A Scorer maps a recorded TrialRecord (plus the scene's Target) to a Score. Scorers read the recorded trajectory — never a live environment — so scoring is reproducible from a saved log.

Builtin scorers

from robolens.scorer import (
    success_at_end,        # 1.0 iff the episode terminated with reason "success"
    episode_length,        # number of steps taken
    min_distance_to_goal,  # closest the effector got (reads StepResult.info["distance"])
    reached_goal_state,    # success iff min distance <= threshold
    operator_scorer,       # reads a human verdict recorded during the rollout
)

Custom scorers

A scorer is any object with a name and a __call__(record, target) -> Score:

from dataclasses import dataclass
from robolens.scorer import Score

@dataclass(frozen=True)
class SmoothMotion:
    name: str = "smooth_motion"

    def __call__(self, record, target) -> Score:
        deltas = [abs(float(s.action.data).sum()) for s in record.steps]
        return Score(value=-sum(deltas), explanation="negative total command magnitude")
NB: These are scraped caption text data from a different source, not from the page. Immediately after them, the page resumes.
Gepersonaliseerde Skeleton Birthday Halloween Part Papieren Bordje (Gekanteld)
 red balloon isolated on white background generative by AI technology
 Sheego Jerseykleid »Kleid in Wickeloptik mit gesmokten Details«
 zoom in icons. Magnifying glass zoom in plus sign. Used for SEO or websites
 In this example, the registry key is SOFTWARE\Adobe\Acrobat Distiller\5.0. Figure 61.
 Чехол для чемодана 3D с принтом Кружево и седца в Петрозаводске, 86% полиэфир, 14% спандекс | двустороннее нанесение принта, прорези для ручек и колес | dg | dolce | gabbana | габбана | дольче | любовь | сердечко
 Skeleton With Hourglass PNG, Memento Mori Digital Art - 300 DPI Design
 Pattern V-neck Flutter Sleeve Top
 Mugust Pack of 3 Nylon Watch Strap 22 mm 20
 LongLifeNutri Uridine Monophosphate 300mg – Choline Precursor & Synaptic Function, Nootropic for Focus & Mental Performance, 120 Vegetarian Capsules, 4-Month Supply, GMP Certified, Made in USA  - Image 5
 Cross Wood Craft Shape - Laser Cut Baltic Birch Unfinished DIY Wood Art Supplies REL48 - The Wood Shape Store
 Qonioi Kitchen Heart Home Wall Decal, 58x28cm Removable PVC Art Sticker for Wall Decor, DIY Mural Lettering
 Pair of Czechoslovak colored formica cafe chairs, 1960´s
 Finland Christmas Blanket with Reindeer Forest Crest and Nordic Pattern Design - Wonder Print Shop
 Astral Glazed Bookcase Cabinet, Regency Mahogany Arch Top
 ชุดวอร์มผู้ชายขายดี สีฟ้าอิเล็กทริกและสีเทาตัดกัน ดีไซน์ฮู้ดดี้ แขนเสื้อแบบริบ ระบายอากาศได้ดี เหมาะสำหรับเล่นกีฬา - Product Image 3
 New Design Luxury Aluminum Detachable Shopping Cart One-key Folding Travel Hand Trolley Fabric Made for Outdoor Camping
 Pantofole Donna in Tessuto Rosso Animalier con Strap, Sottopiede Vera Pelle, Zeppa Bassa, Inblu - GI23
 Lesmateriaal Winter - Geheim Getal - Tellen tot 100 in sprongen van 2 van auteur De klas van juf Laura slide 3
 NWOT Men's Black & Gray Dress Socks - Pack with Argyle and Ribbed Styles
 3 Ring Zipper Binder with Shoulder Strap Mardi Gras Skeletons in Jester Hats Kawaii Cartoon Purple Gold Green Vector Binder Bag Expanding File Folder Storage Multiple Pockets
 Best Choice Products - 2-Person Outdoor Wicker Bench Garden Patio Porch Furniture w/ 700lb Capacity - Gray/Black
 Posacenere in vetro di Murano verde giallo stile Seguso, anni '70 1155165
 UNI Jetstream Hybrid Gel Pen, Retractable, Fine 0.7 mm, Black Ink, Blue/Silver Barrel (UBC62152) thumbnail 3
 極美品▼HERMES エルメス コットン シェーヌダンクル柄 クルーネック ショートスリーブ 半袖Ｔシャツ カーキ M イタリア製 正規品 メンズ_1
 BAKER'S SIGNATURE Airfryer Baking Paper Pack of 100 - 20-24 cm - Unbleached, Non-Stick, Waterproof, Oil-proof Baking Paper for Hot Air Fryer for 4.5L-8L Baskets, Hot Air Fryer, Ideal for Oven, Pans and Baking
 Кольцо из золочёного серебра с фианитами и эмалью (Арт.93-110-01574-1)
Register it with scorer to resolve it by name.

Epochs and reducers

When a Task runs epochs > 1, an epoch reducer collapses the per-epoch scores of a scene before metrics aggregate across scenes. Reducers are namespaced separately from metrics and are selected by name on Epochs:

Reducer Meaning
mean, median, max, min numeric reductions (raise on non-numeric strings)
mode most common value (works for categorical scores)
pass_at_<k> unbiased pass@k estimator (success = value ≥ 0.5)
from robolens.task import Epochs, Task
Task(..., epochs=Epochs(count=5, reducer="pass_at_2"))

Operator and VLM scoring (real world)

Real robots have no privileged success oracle. The dominant method is a human verdict, captured once during the rollout (as a transcript event) and read back by operator_scorer — keeping scoring reproducible. A VLMScorer interface is reserved for scoring final frames with a vision-language classifier.